Leave the pictures out. Return all other data exactly.

[[ MATERIAL FOR THE TASK open ]]

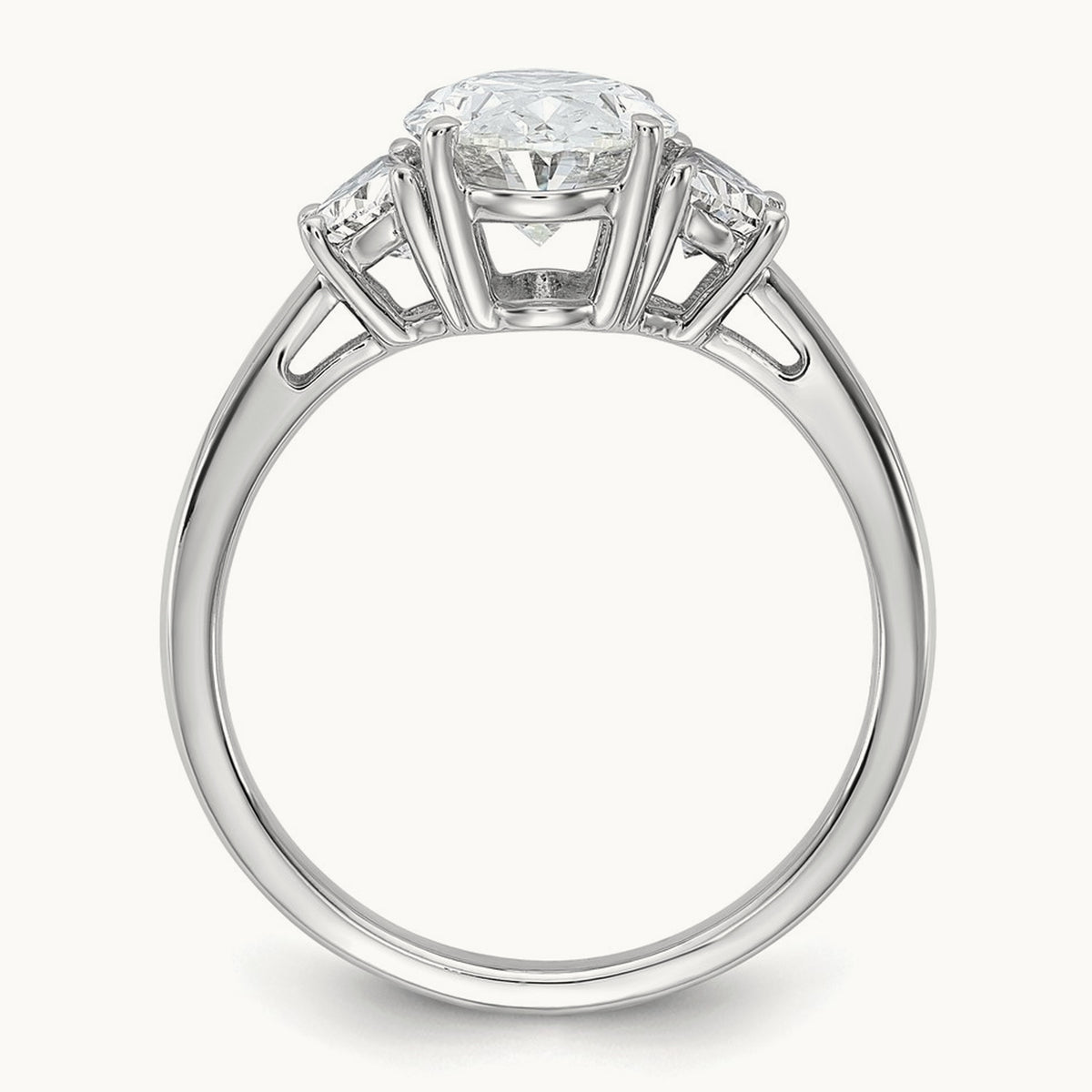 1/2ct Lab Grown Dia VS+ F+ 1/2 Moon&2ct Oval Semi 3 Stone Eng Ring, 14K White Gold
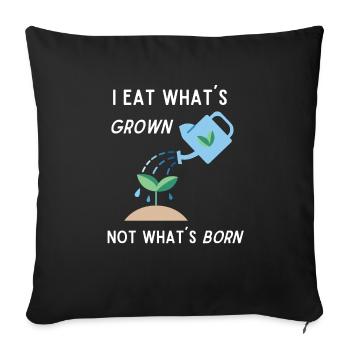Vegan Design mange ce qui a poussé - Housse de coussin décorative 45 x 45 cm - noir - Devant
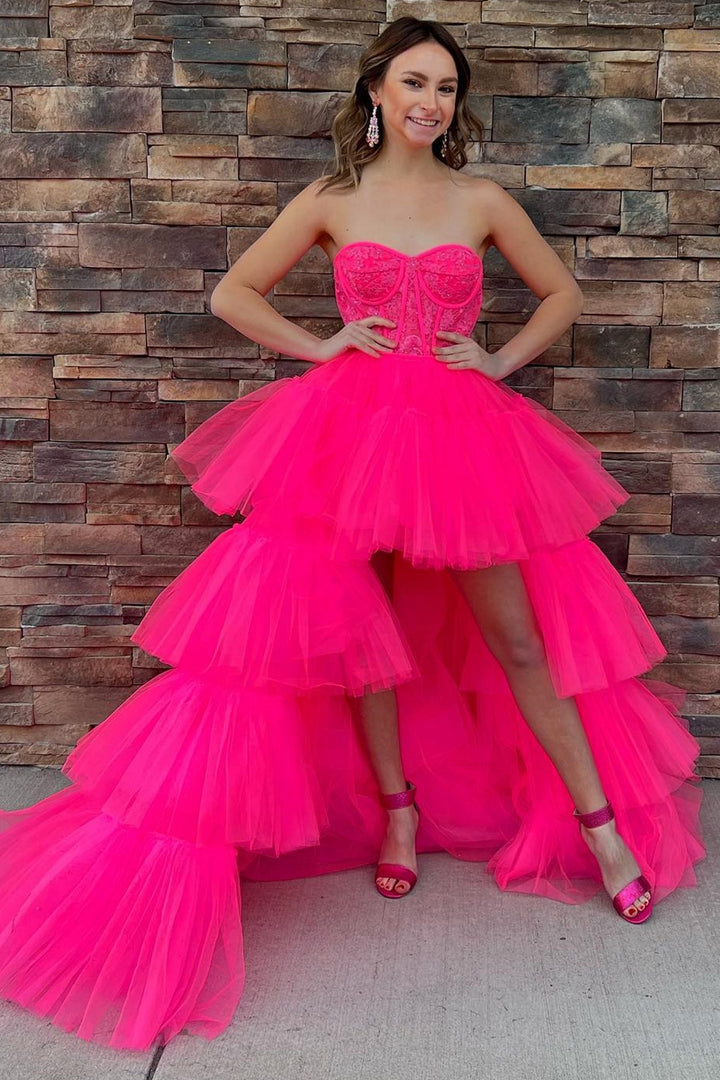 dressimeCharming A-line Sweetheart Tulle High Low Appliques Tiered Prom Dresses
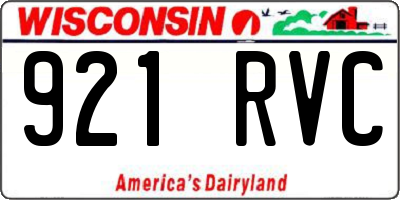 WI license plate 921RVC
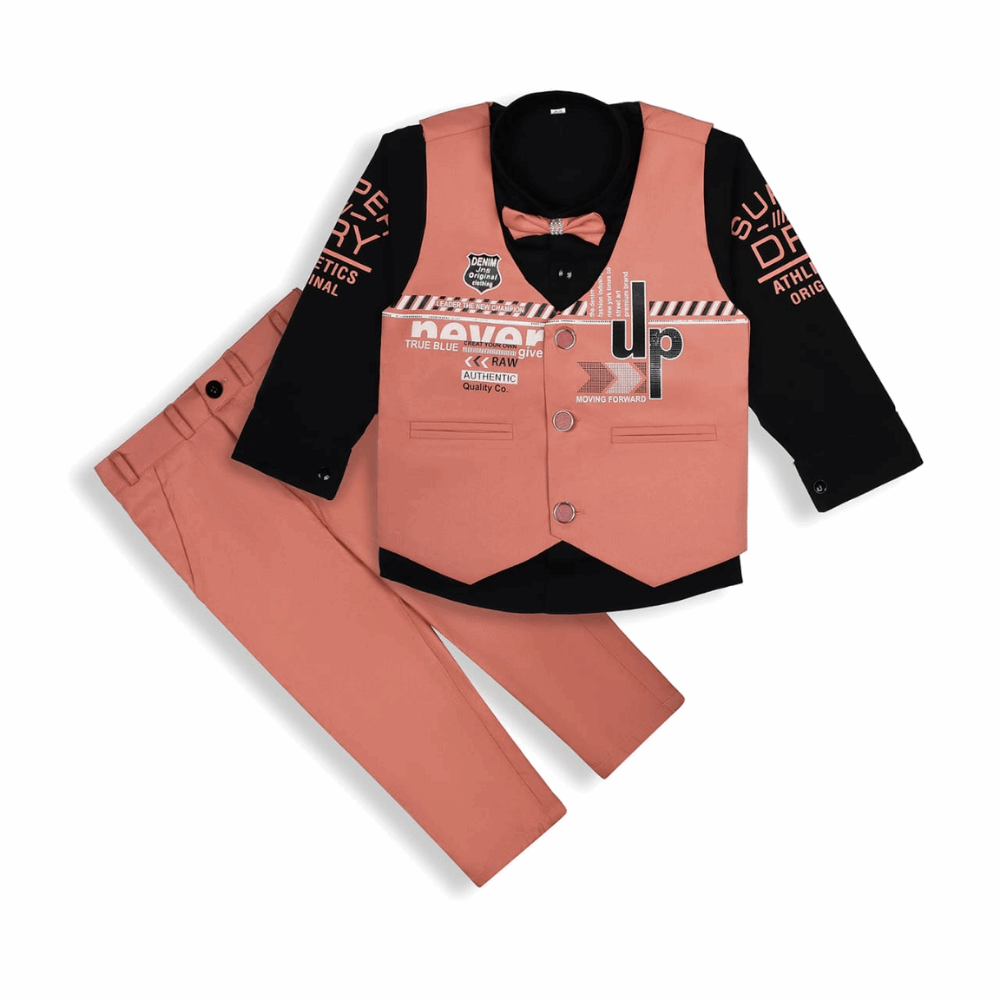 Young boy wearing a formal outfit with a vest and bow tie on a white background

[[ MATERIAL FOR THE TASK closed ]]

-- OUTPUT FOR THIS EXERCISE --
 1/2ct Lab Grown Dia VS+ F+ 1/2 Moon&2ct Oval Semi 3 Stone Eng Ring, 14K White Gold
Vegan Design mange ce qui a poussé - Housse de coussin décorative 45 x 45 cm - noir - Devant
 dressimeCharming A-line Sweetheart Tulle High Low Appliques Tiered Prom Dresses
 WI license plate 921RVC
 Young boy wearing a formal outfit with a vest and bow tie on a white background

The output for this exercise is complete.